## Task requirements
From the line that includes "Corde de travail" to the last line of the records that follow, copy every line exactly and nothing more, omitting pictures.

Segment Start: The records

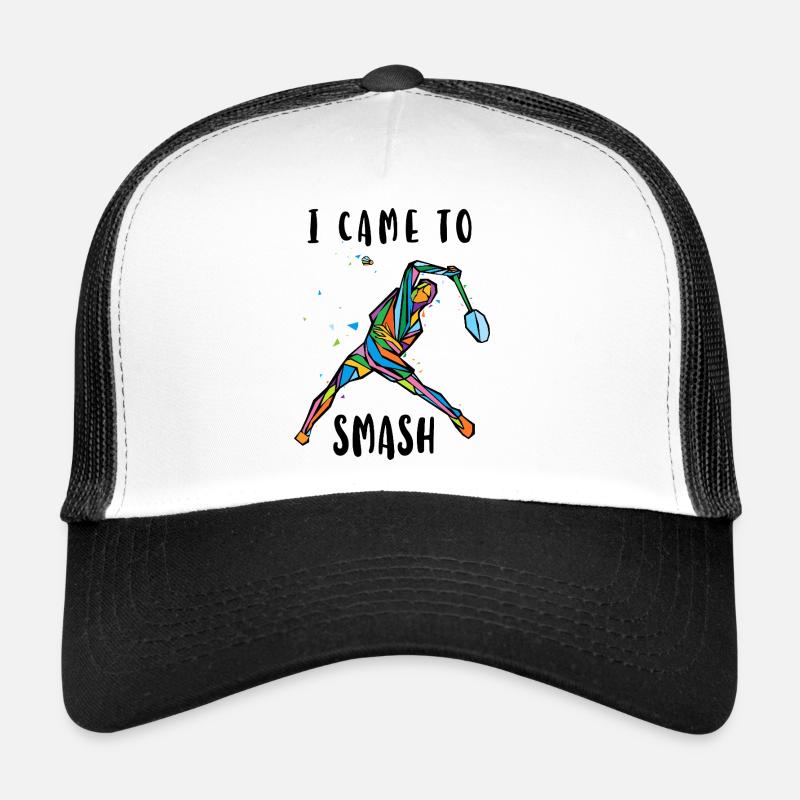 I Came To Smash Badminton Player  Trucker Cap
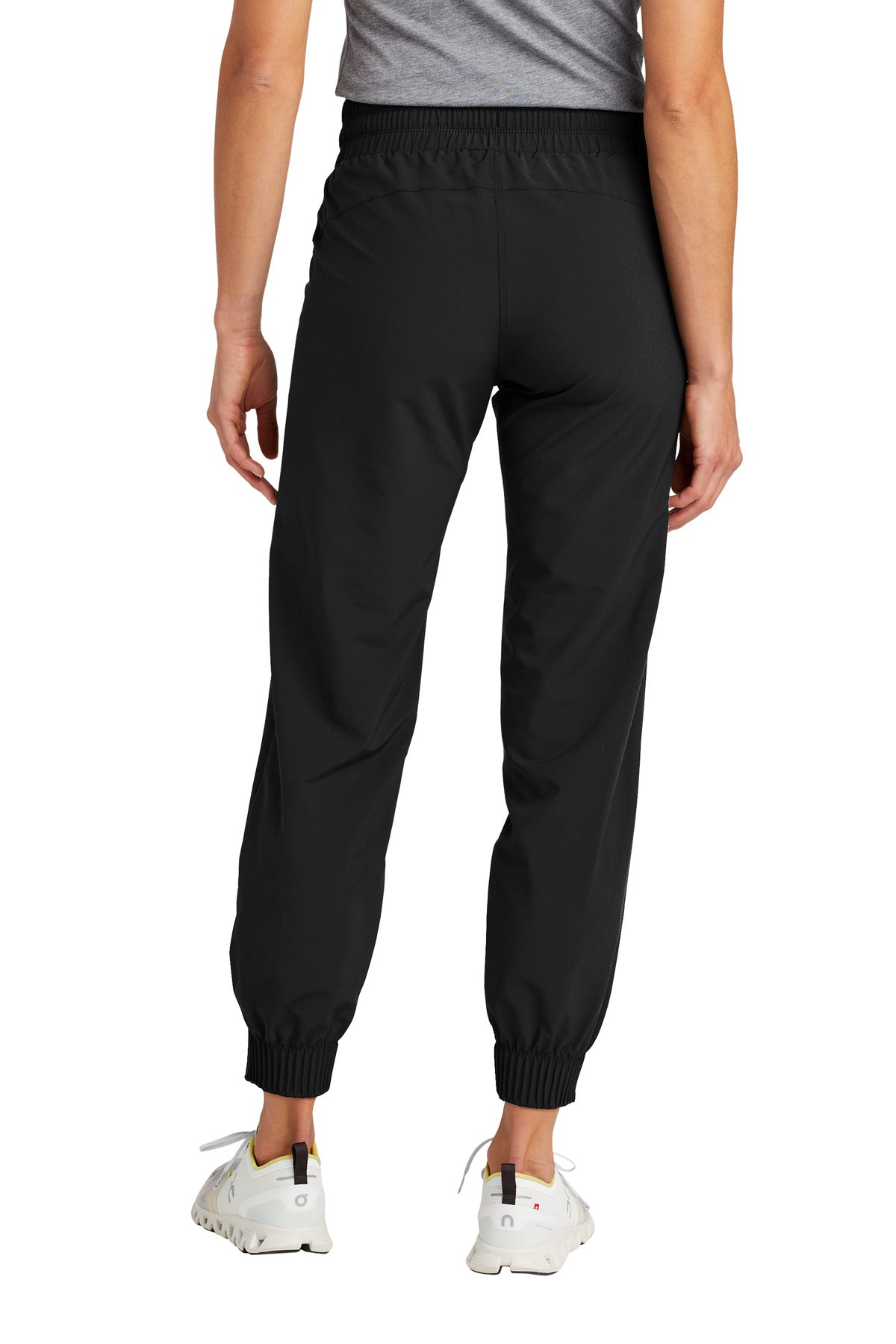 Rear View of Blacktop OGIO Women's Connection Jogger LOG707 plain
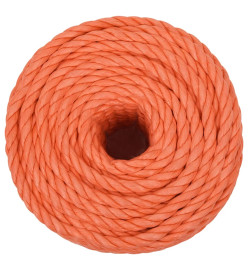 Corde de travail Orange 10 mm 50 m Polypropylène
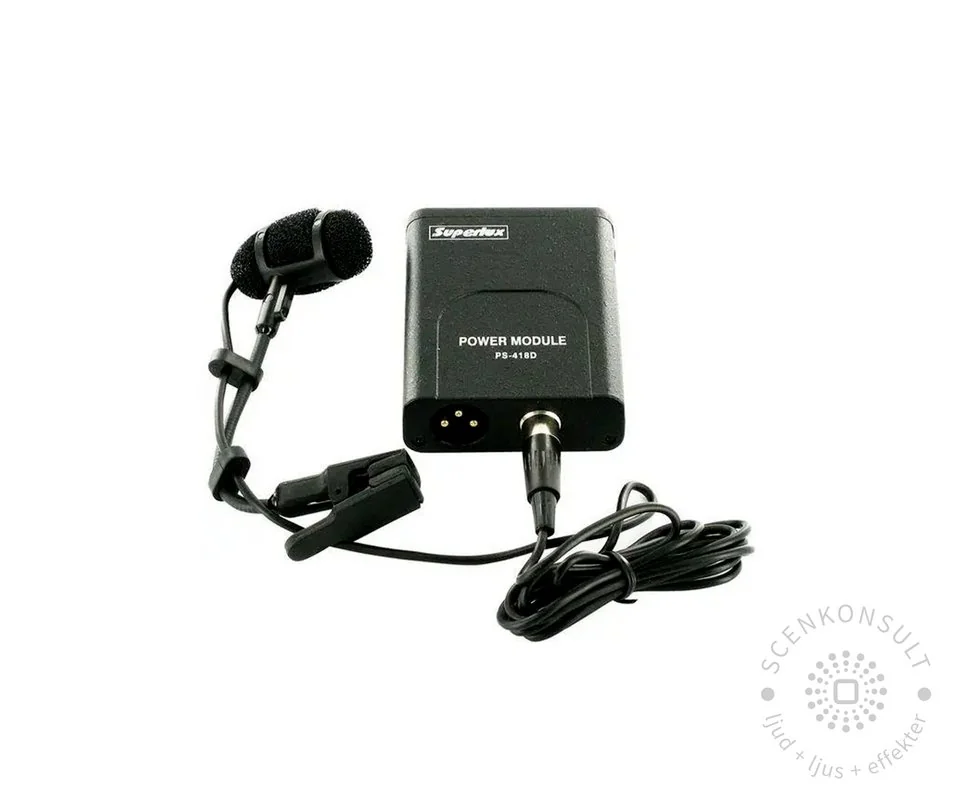 Instrumentmikrofon, blås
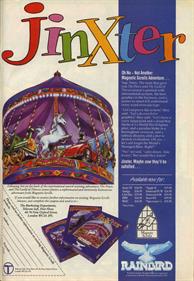 Jinxter - Advertisement Flyer - Front Image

Segment End: The records

## Written answer
 Corde de travail Orange 10 mm 50 m Polypropylène
 Instrumentmikrofon, blås
 Jinxter - Advertisement Flyer - Front Image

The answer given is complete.